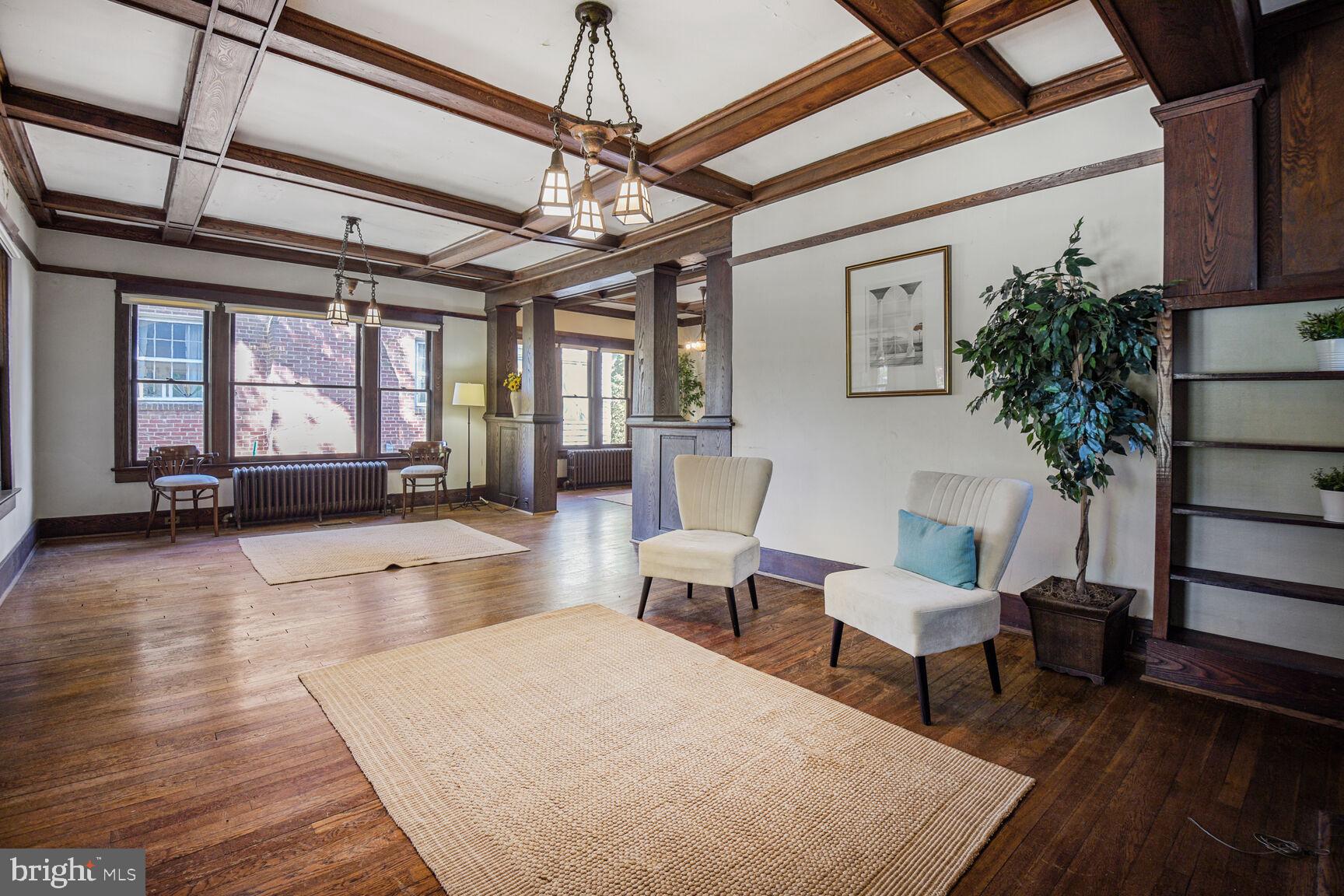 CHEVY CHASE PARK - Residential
══════════
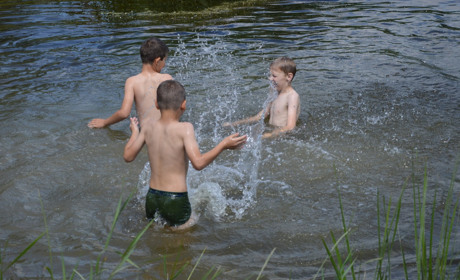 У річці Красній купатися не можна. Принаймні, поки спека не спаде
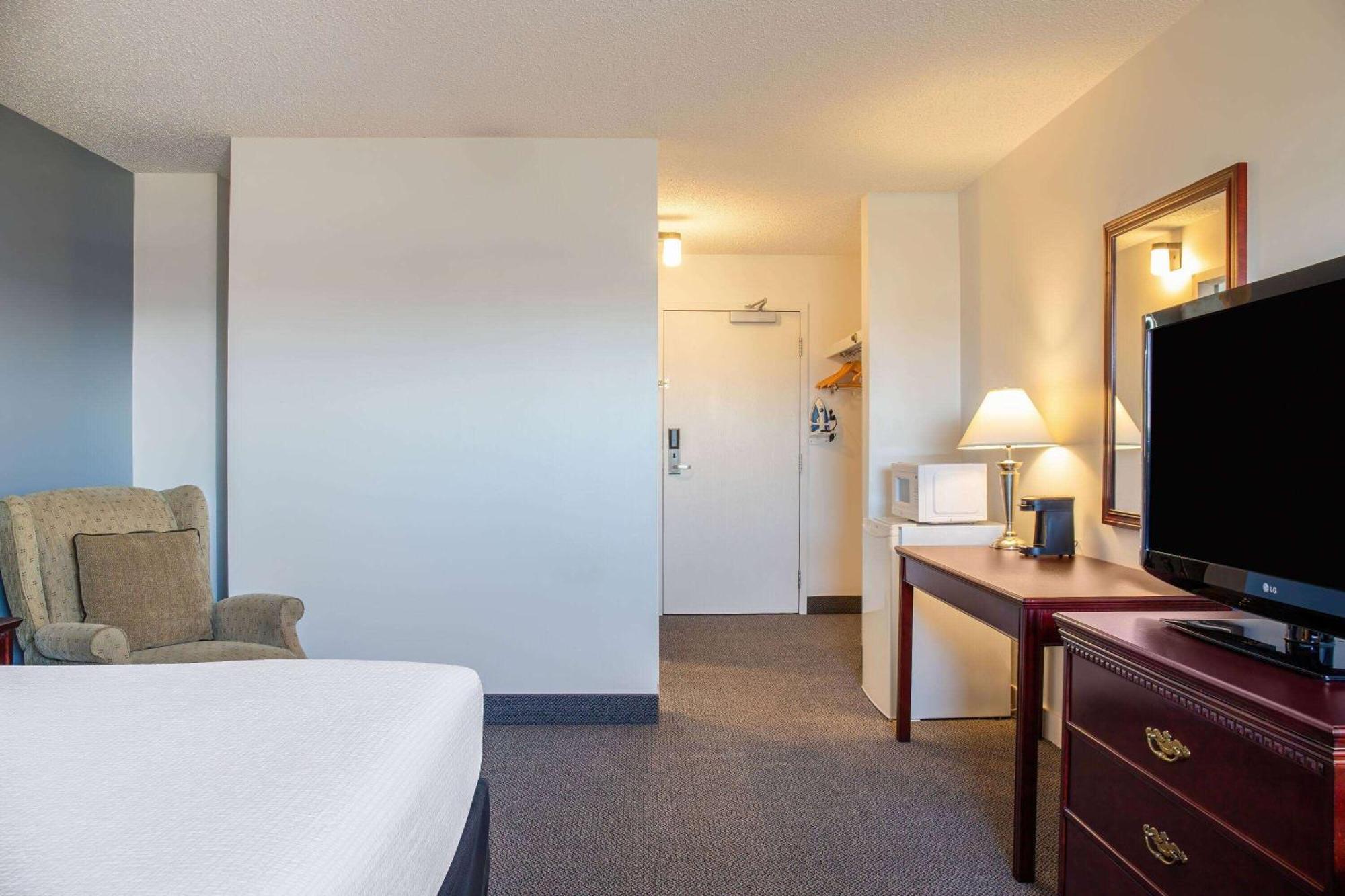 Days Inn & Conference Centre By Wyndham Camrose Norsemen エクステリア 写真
══════════
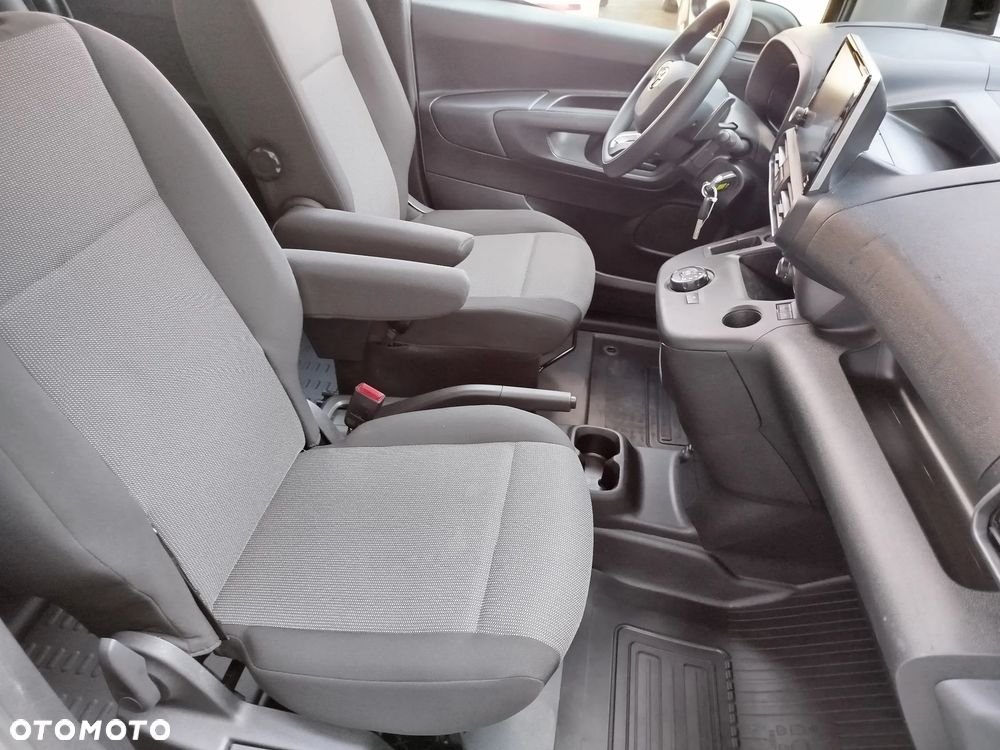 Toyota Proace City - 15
══════════
Working from the entries above, please transcribe only the lines from the line with "У річці Красній" through the line with "Days Inn & Conference", exactly, with both end lines and without pictures.

 У річці Красній купатися не можна. Принаймні, поки спека не спаде
 Days Inn & Conference Centre By Wyndham Camrose Norsemen エクステリア 写真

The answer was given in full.